Judging the Royals

Big-league ballplayers are special and Jarrod Dyson proved it

Kansas City Royals center fielder Jarrod Dyson climbed the wall as he caught a ball hit on Thursday night.
Kansas City Royals center fielder Jarrod Dyson climbed the wall as he caught a ball hit on Thursday night. The Associated Press

I’ve got a theory about big-league ballplayers. (Actually, I have quite a few theories about big-league ballplayers, but most of them don’t belong in a family newspaper or family baseball blog or whatever this thing has turned into.)

Now here’s the theory:

Nobody in their right mind goes to an NFL game or NBA game and thinks they could play with the athletes their watching.
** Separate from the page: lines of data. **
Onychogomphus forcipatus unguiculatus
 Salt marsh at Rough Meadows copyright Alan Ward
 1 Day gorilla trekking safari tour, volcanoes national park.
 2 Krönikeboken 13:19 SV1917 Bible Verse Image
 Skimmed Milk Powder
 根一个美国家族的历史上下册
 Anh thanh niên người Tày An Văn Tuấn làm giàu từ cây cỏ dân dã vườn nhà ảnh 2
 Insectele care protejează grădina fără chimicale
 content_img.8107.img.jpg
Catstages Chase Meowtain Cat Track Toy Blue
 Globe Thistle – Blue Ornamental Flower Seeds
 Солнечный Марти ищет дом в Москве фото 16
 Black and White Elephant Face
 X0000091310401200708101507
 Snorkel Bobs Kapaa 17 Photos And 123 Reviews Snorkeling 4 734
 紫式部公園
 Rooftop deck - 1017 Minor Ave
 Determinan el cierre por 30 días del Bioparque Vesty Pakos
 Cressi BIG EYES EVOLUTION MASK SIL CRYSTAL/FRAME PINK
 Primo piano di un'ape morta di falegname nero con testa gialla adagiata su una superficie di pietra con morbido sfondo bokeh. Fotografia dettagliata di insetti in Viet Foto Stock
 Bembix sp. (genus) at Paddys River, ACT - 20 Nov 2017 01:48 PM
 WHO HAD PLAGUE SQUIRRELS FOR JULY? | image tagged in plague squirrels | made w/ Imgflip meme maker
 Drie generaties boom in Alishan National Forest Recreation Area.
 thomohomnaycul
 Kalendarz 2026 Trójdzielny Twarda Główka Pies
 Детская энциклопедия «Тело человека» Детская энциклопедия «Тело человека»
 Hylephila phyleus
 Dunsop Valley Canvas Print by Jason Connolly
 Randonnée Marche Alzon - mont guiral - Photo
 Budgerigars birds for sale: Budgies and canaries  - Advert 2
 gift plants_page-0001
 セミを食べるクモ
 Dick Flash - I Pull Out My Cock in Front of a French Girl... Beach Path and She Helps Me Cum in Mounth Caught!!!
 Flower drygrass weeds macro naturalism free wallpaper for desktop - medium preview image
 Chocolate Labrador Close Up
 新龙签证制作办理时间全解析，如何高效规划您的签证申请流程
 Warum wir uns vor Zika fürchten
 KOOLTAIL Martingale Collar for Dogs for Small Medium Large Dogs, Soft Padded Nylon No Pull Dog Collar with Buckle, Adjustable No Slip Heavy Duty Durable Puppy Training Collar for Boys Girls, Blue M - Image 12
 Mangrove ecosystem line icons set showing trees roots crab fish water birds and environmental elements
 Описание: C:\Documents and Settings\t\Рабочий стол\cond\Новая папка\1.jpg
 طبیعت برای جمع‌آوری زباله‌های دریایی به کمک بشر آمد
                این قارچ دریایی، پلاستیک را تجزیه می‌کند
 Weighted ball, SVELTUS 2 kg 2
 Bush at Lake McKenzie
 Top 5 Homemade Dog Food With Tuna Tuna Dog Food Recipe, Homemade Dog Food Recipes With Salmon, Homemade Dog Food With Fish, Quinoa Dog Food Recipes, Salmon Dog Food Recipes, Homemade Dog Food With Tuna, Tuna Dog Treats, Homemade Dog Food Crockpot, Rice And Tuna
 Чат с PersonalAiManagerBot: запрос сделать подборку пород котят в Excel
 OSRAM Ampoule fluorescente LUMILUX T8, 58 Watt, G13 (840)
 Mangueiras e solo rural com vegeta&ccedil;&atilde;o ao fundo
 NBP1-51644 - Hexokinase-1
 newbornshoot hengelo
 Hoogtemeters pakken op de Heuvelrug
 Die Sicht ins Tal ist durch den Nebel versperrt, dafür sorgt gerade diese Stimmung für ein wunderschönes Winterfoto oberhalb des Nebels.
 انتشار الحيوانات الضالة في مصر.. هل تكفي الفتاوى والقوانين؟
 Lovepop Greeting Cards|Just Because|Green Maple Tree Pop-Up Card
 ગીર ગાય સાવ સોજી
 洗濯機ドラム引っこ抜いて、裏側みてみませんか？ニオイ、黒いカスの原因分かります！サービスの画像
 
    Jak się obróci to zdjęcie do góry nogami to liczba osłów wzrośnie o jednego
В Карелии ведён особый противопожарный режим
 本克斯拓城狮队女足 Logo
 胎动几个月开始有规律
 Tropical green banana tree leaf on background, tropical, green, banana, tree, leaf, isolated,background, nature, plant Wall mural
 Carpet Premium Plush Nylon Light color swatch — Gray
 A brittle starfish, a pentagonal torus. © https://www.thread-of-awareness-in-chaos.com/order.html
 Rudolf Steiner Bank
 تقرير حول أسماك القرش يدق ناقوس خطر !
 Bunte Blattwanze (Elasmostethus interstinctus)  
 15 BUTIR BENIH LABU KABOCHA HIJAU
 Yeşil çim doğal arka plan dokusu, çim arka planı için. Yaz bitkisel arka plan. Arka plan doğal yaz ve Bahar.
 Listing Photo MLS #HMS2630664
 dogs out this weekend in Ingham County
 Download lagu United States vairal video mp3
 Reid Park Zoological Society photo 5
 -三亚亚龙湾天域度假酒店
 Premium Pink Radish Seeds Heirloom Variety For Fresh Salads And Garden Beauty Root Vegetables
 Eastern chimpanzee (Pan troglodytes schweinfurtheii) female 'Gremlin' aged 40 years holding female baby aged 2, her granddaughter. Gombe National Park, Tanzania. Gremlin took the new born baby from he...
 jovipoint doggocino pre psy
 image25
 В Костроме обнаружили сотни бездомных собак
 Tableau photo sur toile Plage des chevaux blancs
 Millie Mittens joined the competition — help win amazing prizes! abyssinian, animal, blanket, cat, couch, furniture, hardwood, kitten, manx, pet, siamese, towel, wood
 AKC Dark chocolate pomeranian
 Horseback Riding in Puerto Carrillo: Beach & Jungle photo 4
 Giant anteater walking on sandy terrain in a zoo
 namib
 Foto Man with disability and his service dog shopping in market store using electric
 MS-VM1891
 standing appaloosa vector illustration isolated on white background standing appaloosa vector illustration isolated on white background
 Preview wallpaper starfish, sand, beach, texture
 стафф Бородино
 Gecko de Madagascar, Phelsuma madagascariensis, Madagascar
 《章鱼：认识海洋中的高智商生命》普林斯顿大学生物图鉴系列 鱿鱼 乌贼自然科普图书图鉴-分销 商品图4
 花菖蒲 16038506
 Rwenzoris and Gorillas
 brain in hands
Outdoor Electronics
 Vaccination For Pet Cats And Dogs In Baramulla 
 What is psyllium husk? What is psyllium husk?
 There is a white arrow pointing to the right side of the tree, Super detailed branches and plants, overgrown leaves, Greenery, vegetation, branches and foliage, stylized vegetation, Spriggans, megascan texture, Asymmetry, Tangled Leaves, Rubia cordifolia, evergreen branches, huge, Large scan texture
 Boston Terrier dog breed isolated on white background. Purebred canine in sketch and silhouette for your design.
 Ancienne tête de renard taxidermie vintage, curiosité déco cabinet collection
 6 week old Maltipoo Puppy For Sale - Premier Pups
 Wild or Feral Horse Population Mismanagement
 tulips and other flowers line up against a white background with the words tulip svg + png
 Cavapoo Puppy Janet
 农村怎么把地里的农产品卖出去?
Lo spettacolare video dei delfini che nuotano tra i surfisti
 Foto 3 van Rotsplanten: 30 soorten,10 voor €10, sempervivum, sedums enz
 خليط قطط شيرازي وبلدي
Unless you’re 6 feet 10 and weigh 275 pound, the size difference is pretty obvious.

But all kinds of ex-high school and Little League ballplayers go to a big-league baseball game, down a couple beers and then announce they’re pretty sure they could hit a big-league fastball.

And that leads me to make three observations:

1.) No they can’t.

2.) Get up close and those ballplayers are bigger than they think.

3.) What makes big-league ballplayers special isn’t always obvious.

Every guy in the big leagues can do something fast: run fast, swing a bat fast or throw a baseball fast and speed is often hard to appreciate. Big-league ballplayers also tend to have phenomenal hand-eye coordination and I’ve got a couple stories that make that point.

George Brett, Tony Gwynn and Russ Morman

I’ve been told that back in the day George Brett was out playing golf with some buddies. George was on the green when a buddy hit a shot his way and George used a golf club to hit the ball back at his buddy.

One more time: George Brett hit a flying golf ball with the handle of a golf club and squared it up. (And, George, if that story isn’t true please don’t tell me; I want it to be true.)

Now here’s the Tony Gwynn story and I’m pretty sure it’s true because a guy who was there told me about it.

One afternoon Jerry Dipoto — currently general manager of the Seattle Mariners, but as a big-league relief pitcher at the time — was “running poles” in the outfield. (Pitchers sometimes run from foul pole to foul pole as a workout.)

Tony Gwynn was taking some early batting practice, but it was BP with a difference; each ball was marked with a colored dot — if memory serves the dots were red, green or blue. I can’t remember which color went to which field (let’s say red went to left field, green went to center and blue went to right). But the point of the drill was for Tony to pick up the dot’s color as the ball was thrown to him and then hit the ball to the correct field.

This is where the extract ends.